** Source material **
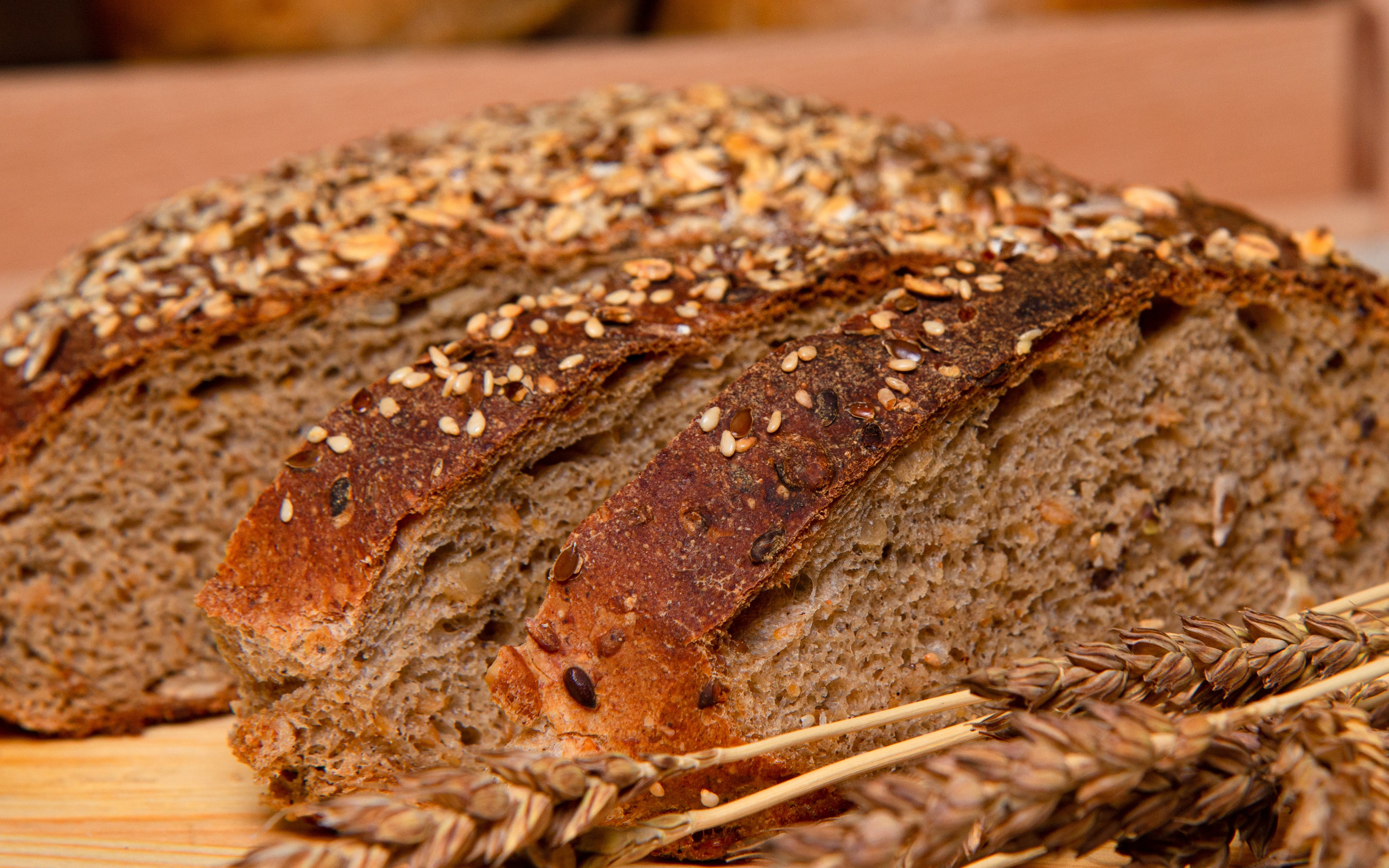 Штолле. Предметный и репортажный фотограф Алексей Кротов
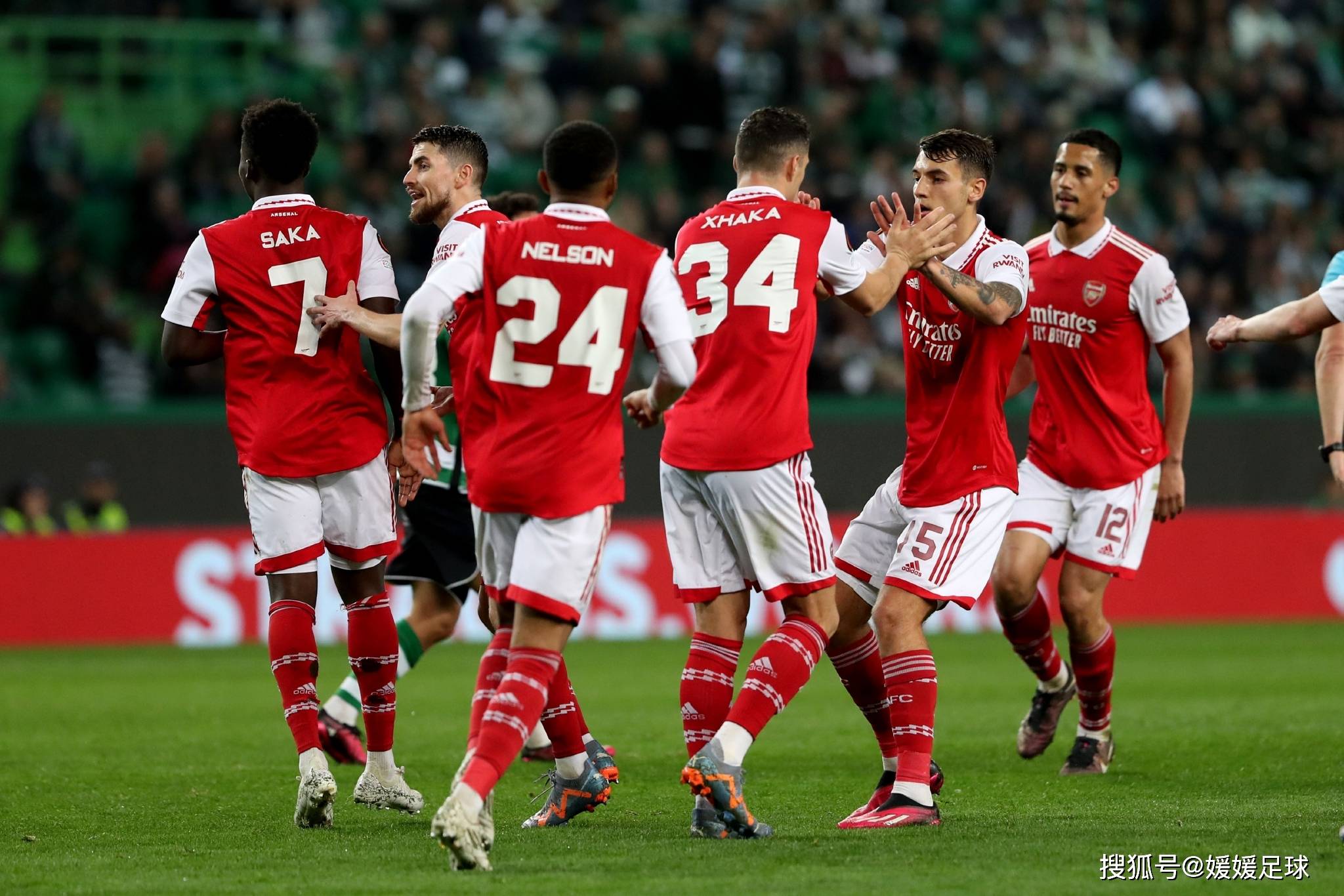 离传统踢法 离传统踢法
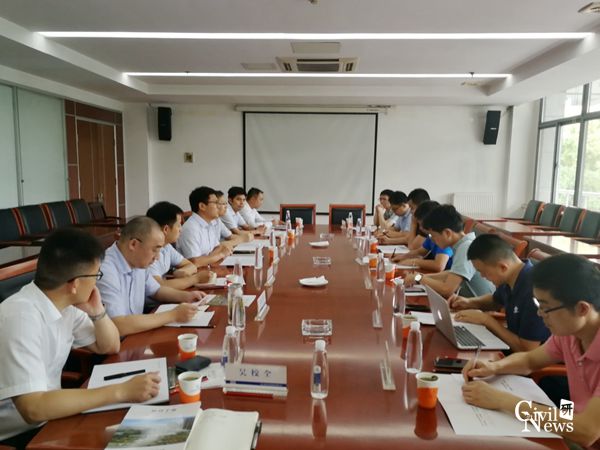 1561455166383047079.jpg 4_副本.jpg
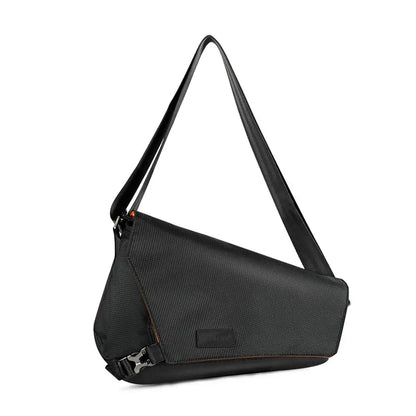 Tigernu Brand NEW Fashion High Quality Women Shoulder Bags Waterproof Travel Female Shoulder Bag High Quality Arm Bags For Women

** Your objective **
Each line of the listing above must be given again exactly; the pictures are to be left out.

** Written response **
 Штолле. Предметный и репортажный фотограф Алексей Кротов
 离传统踢法 离传统踢法
 1561455166383047079.jpg 4_副本.jpg
 Tigernu Brand NEW Fashion High Quality Women Shoulder Bags Waterproof Travel Female Shoulder Bag High Quality Arm Bags For Women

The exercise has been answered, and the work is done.